__WHAT IS EXPECTED__. Output all entries verbatim.

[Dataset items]
= Beginning of Section =

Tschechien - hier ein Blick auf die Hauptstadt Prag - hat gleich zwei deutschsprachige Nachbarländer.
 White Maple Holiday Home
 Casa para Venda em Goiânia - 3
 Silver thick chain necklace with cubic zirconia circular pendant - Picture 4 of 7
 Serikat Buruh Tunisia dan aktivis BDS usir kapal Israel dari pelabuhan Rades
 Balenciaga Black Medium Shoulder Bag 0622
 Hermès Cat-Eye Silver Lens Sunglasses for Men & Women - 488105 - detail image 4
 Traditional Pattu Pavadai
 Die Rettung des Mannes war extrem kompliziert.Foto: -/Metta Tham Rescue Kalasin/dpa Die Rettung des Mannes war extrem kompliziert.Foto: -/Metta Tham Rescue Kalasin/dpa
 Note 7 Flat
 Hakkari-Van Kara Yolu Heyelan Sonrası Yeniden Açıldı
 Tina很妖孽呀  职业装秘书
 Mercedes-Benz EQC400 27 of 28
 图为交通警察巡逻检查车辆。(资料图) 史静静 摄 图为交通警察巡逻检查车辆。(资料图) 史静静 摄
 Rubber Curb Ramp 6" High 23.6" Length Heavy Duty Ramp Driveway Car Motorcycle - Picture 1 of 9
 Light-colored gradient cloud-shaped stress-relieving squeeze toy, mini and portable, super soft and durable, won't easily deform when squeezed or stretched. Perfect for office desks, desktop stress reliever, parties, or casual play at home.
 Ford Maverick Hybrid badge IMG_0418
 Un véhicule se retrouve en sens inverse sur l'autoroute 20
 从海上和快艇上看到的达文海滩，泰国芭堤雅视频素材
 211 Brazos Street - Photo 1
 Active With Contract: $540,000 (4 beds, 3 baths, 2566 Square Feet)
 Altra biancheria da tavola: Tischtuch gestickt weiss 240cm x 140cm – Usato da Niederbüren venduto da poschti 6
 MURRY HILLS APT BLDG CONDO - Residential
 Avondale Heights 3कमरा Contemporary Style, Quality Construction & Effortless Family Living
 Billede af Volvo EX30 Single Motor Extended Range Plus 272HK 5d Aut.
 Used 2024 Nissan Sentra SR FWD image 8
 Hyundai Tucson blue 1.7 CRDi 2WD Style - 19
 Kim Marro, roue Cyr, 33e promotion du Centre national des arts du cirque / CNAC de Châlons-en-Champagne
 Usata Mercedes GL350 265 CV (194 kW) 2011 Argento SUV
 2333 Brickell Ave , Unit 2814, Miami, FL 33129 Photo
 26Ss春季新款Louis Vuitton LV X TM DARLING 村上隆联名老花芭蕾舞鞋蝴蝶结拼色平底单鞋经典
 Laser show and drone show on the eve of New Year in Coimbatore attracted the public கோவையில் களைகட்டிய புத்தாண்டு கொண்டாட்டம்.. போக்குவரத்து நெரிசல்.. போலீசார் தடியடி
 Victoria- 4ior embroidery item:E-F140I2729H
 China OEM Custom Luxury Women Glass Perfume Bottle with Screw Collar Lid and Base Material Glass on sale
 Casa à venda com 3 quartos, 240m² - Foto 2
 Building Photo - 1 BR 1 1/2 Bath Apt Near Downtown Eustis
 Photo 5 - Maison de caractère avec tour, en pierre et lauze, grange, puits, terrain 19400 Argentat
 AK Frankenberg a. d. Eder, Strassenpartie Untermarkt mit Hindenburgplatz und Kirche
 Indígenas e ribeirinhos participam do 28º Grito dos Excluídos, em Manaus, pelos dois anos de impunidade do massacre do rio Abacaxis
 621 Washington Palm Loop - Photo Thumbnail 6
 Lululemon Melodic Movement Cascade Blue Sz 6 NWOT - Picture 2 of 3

= End of Section =

__WORKED SOLUTION__.
Tschechien - hier ein Blick auf die Hauptstadt Prag - hat gleich zwei deutschsprachige Nachbarländer.
 White Maple Holiday Home
 Casa para Venda em Goiânia - 3
 Silver thick chain necklace with cubic zirconia circular pendant - Picture 4 of 7
 Serikat Buruh Tunisia dan aktivis BDS usir kapal Israel dari pelabuhan Rades
 Balenciaga Black Medium Shoulder Bag 0622
 Hermès Cat-Eye Silver Lens Sunglasses for Men & Women - 488105 - detail image 4
 Traditional Pattu Pavadai
 Die Rettung des Mannes war extrem kompliziert.Foto: -/Metta Tham Rescue Kalasin/dpa Die Rettung des Mannes war extrem kompliziert.Foto: -/Metta Tham Rescue Kalasin/dpa
 Note 7 Flat
 Hakkari-Van Kara Yolu Heyelan Sonrası Yeniden Açıldı
 Tina很妖孽呀  职业装秘书
 Mercedes-Benz EQC400 27 of 28
 图为交通警察巡逻检查车辆。(资料图) 史静静 摄 图为交通警察巡逻检查车辆。(资料图) 史静静 摄
 Rubber Curb Ramp 6" High 23.6" Length Heavy Duty Ramp Driveway Car Motorcycle - Picture 1 of 9
 Light-colored gradient cloud-shaped stress-relieving squeeze toy, mini and portable, super soft and durable, won't easily deform when squeezed or stretched. Perfect for office desks, desktop stress reliever, parties, or casual play at home.
 Ford Maverick Hybrid badge IMG_0418
 Un véhicule se retrouve en sens inverse sur l'autoroute 20
 从海上和快艇上看到的达文海滩，泰国芭堤雅视频素材
 211 Brazos Street - Photo 1
 Active With Contract: $540,000 (4 beds, 3 baths, 2566 Square Feet)
 Altra biancheria da tavola: Tischtuch gestickt weiss 240cm x 140cm – Usato da Niederbüren venduto da poschti 6
 MURRY HILLS APT BLDG CONDO - Residential
 Avondale Heights 3कमरा Contemporary Style, Quality Construction & Effortless Family Living
 Billede af Volvo EX30 Single Motor Extended Range Plus 272HK 5d Aut.
 Used 2024 Nissan Sentra SR FWD image 8
 Hyundai Tucson blue 1.7 CRDi 2WD Style - 19
 Kim Marro, roue Cyr, 33e promotion du Centre national des arts du cirque / CNAC de Châlons-en-Champagne
 Usata Mercedes GL350 265 CV (194 kW) 2011 Argento SUV
 2333 Brickell Ave , Unit 2814, Miami, FL 33129 Photo
 26Ss春季新款Louis Vuitton LV X TM DARLING 村上隆联名老花芭蕾舞鞋蝴蝶结拼色平底单鞋经典
 Laser show and drone show on the eve of New Year in Coimbatore attracted the public கோவையில் களைகட்டிய புத்தாண்டு கொண்டாட்டம்.. போக்குவரத்து நெரிசல்.. போலீசார் தடியடி
 Victoria- 4ior embroidery item:E-F140I2729H
 China OEM Custom Luxury Women Glass Perfume Bottle with Screw Collar Lid and Base Material Glass on sale
 Casa à venda com 3 quartos, 240m² - Foto 2
 Building Photo - 1 BR 1 1/2 Bath Apt Near Downtown Eustis
 Photo 5 - Maison de caractère avec tour, en pierre et lauze, grange, puits, terrain 19400 Argentat
 AK Frankenberg a. d. Eder, Strassenpartie Untermarkt mit Hindenburgplatz und Kirche
 Indígenas e ribeirinhos participam do 28º Grito dos Excluídos, em Manaus, pelos dois anos de impunidade do massacre do rio Abacaxis
 621 Washington Palm Loop - Photo Thumbnail 6
 Lululemon Melodic Movement Cascade Blue Sz 6 NWOT - Picture 2 of 3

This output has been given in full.